This is a secondary analysis of the nursing home Minimum Data Set (MDS) from the state of Florida during calendar year 2009. The first comprehensive assessment for each NH resident was used in this study. The archived data files of the most recent version of MDS (MDS 3.0) were not yet available to researchers, but are due for release in early 2013 [
19]. The MDS data are mandatory in all NHs certified to participate in Medicare and Medicaid. Approval for the study was obtained from the University of Florida Health Science Center Institutional Review Board.

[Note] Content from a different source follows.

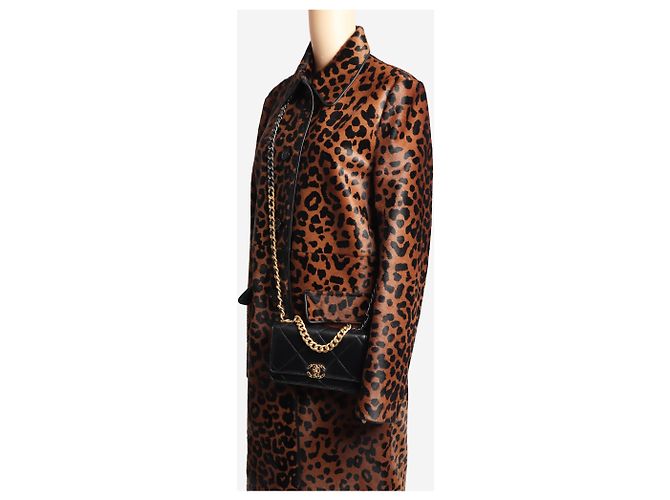 Wallet On Chain Chanel Carteira com Corrente 19 Turnlock Preta - vista 2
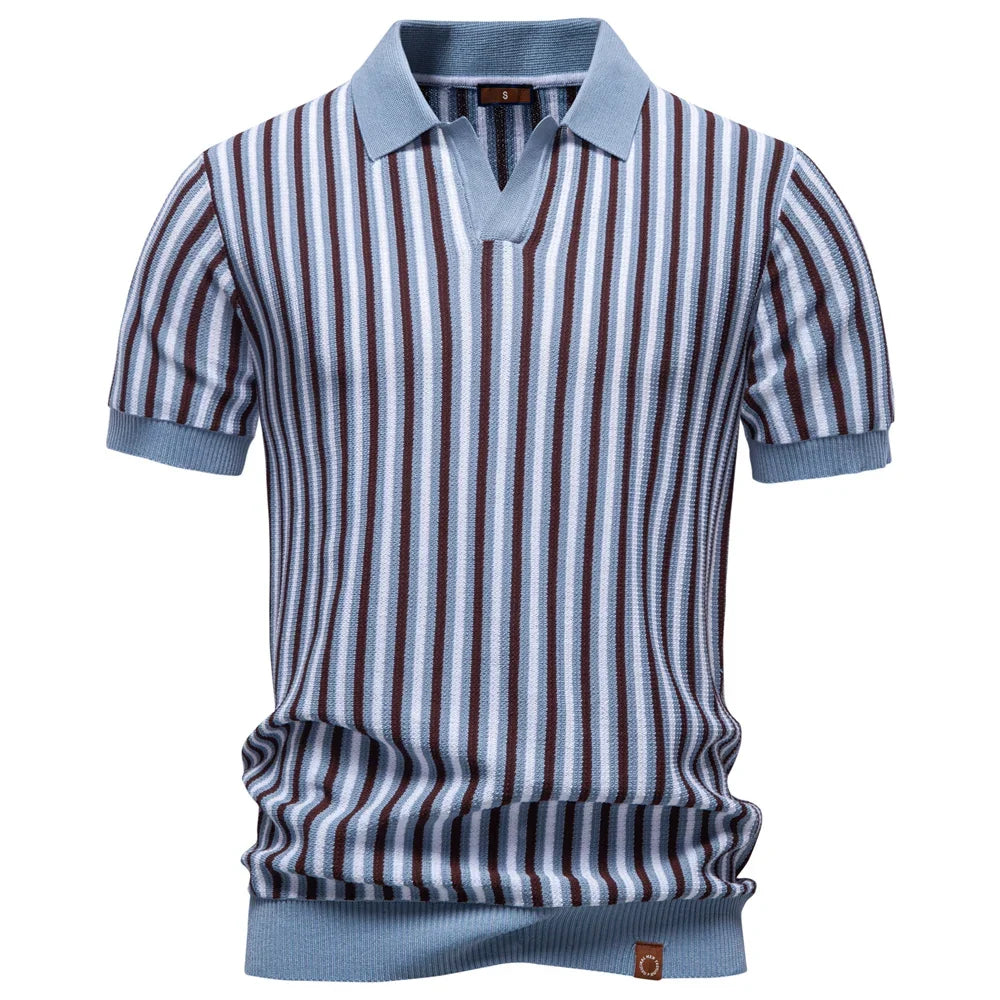 Corso di Stile: Polo a Righe Vintage per un Look Unico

The MDS assessment data, standardized data on residents’ status based on routine and continuous observations by nursing staff, provides comprehensive information on all the NH residents. The MDS assessment is completed on admission to the facility, on a quarterly basis thereafter, and upon significant changes in status [
20]. The complete federal database consists of over 1.5 million older adults who live in NHs throughout the United States. Although it is used primarily for clinical purposes, the MDS has also been used for research on cognition and behavioral symptoms in this population [
21‐
23]. Several MDS subscales have been created and evaluated, and have demonstrated acceptable reliability and validity: MDS-Pain severity scale [
24], MDS-Depression Rating Scale [
25], MDS-Aggression Behavior Scale [
26], MDS-Challenging Behavior Profile [
27], MDS-Discomfort Behavior Scale [
28], MDS-Cognitive Performance Scale [
28,
29], MDS-index of social engagement [
30,
31], MDS-Activities of Daily Living scale [
32,
33], Resident Assessment Instrument-Mental Health [
34], and MDS-Change in Health, End-stage disease and Signs and Symptoms [
35]. Details of the reliability and validity coefficients for each of the major study variables are described in the measurement section.
Data used in this study
The data used in this study were collected on residents with dementia in Medicare- or Medicaid-certified NHs who have a MDS comprehensive assessment on file. The data were acquired from the Centers for Medicare & Medicaid Services. Selection criteria were applied to ascertain data from NH residents older than 65 years old with Alzheimer’ disease or other dementia, based on documented medical diagnosis. Data from comatose residents were excluded, because these residents cannot display the disruptive behaviors investigated in this study. This selection process yielded 56,577 unique cases for the analyses.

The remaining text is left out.